Dialectical behavior therapy is a highly structured therapy used to treat conditions that involve what clinicians call “emotional dysregulation,” including depression, bipolar disorder and borderline personality disorder. Its chief goal is to help teens regulate their out-of-control emotions, especially when faced with stressful or triggering situations.

One unusual, and essential, part of DBT is phone coaching. In DBT group skills training kids learn strategies to coping more effectively with powerful feelings and difficult situations. Patients are asked to practice these skills at home between sessions. But they’re also required to call their therapists — usually when they’re struggling to use a skill to deal with something stressful and it’s not working.

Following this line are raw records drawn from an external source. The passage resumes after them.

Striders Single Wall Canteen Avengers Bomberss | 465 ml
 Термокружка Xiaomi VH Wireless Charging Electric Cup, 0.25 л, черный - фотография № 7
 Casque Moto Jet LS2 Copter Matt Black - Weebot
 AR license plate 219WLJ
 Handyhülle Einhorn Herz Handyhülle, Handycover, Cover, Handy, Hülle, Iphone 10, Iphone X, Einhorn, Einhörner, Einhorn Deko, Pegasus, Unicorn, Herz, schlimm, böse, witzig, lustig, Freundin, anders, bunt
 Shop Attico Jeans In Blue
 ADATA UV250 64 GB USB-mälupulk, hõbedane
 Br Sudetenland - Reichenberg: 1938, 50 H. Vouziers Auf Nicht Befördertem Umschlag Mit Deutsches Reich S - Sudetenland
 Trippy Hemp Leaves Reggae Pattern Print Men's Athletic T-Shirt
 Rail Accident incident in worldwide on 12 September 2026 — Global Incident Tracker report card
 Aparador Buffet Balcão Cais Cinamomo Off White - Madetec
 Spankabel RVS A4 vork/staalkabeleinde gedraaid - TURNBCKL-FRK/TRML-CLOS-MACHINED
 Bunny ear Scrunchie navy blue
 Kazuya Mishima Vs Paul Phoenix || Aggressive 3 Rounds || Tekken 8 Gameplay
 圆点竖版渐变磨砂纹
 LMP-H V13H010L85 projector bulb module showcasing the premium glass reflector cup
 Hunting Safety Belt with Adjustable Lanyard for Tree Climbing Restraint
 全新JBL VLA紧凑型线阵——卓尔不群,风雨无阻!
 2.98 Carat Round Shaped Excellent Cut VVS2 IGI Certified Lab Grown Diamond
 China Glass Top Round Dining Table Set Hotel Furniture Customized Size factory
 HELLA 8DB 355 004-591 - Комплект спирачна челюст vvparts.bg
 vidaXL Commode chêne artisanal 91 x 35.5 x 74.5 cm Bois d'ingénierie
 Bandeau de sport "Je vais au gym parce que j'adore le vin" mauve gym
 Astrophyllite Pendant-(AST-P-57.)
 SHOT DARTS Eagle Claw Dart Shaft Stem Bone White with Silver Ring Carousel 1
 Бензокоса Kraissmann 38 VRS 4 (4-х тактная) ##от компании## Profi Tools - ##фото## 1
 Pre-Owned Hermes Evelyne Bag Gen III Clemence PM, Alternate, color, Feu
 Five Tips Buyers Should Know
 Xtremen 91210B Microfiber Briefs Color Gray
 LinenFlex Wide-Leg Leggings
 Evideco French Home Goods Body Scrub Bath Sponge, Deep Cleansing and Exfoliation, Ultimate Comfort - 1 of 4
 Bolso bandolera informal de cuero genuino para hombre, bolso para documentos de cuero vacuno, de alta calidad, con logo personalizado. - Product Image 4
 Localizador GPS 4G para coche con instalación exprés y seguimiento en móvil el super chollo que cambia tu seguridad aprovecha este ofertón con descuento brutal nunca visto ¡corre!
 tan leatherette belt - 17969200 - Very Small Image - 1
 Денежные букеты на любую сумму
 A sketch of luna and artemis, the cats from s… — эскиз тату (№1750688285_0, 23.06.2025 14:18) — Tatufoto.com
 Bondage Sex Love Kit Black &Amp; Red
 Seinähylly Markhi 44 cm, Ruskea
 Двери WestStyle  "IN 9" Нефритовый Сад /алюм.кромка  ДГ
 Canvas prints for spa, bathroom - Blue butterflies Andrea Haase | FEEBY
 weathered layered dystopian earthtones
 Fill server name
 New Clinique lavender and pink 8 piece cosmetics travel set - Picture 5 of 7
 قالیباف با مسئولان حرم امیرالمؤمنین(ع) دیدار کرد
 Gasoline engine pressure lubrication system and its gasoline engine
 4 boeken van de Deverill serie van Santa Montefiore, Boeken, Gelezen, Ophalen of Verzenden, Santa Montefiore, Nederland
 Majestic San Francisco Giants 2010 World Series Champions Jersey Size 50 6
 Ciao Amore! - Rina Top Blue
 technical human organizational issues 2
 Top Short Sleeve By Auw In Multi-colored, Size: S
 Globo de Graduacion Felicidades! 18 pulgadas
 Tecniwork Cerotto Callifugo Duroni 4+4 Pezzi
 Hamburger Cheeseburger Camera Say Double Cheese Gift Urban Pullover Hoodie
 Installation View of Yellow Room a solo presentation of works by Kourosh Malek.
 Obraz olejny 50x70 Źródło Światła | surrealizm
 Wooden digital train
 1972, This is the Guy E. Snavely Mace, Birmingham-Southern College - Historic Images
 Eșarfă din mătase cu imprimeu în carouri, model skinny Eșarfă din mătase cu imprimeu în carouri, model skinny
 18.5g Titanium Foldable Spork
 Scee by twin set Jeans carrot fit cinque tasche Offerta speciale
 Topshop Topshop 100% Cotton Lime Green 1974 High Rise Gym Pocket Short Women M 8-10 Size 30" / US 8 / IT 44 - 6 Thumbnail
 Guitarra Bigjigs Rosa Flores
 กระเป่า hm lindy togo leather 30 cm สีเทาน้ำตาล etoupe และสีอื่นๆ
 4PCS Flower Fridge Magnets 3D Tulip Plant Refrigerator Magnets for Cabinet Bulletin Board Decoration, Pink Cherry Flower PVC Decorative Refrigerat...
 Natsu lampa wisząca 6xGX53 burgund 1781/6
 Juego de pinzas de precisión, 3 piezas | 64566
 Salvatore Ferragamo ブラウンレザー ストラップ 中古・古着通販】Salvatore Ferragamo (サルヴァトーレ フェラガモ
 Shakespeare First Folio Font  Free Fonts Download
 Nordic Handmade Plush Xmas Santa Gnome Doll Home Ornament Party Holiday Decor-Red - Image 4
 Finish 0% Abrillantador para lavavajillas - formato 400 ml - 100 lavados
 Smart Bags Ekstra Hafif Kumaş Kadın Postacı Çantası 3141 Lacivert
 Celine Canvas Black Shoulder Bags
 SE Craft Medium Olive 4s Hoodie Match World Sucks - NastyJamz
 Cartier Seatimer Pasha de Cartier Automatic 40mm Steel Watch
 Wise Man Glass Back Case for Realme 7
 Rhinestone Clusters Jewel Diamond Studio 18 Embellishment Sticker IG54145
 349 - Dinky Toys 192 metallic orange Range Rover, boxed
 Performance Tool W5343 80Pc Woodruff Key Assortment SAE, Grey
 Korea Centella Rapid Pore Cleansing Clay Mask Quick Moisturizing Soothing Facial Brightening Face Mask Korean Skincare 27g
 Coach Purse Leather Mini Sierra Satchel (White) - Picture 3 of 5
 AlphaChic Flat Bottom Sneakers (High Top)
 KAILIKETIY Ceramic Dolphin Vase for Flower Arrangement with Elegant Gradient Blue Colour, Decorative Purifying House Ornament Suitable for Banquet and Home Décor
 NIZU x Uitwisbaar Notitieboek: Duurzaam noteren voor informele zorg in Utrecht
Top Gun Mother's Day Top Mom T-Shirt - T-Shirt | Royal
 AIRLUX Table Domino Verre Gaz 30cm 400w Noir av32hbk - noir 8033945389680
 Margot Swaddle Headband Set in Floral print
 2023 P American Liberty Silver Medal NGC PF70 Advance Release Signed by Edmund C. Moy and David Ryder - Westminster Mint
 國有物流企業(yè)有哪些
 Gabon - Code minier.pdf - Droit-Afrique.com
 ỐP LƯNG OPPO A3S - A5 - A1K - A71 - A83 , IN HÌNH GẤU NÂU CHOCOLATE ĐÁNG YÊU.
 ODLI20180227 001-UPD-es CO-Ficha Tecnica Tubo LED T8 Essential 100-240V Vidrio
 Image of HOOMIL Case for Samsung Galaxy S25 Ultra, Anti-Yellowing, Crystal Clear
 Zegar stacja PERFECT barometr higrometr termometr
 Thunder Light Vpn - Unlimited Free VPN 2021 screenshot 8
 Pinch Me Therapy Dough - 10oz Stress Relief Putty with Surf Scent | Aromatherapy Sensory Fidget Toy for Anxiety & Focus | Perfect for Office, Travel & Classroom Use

“So they can call the therapist and get coaching in the moment to be able to implement the skill in their natural world, if you will,” says Jill Emanuele, PhD, a clinical psychologist who specializes in mood disorders.

The calls, which usually last no more than 10 minutes, are not meant to be a remote therapy session. They’re meant to be focused on what the client is struggling with in that moment, deciding which DBT skill best addresses that problem and then implementing it.

Sometimes, Dr. Emanuele says, teens are hesitant to bother their therapists, so the therapist will make appointments for them to call, even if it’s just to check in. “We also encourage them to call if something really good happens. So they can share good news,” she says. “But the main focus is on practicing skills in the moment and using those coping strategies — the effective ones instead of the ineffective ones, such as self-injury.”

Dr. Emanuele warns that there are many therapists who claim to practice DBT but don’t include the phone-coaching mode as part of treatment. “Without every mode being present,” she says, “it’s not DBT.”

This article was last reviewed or updated on November 13, 2024.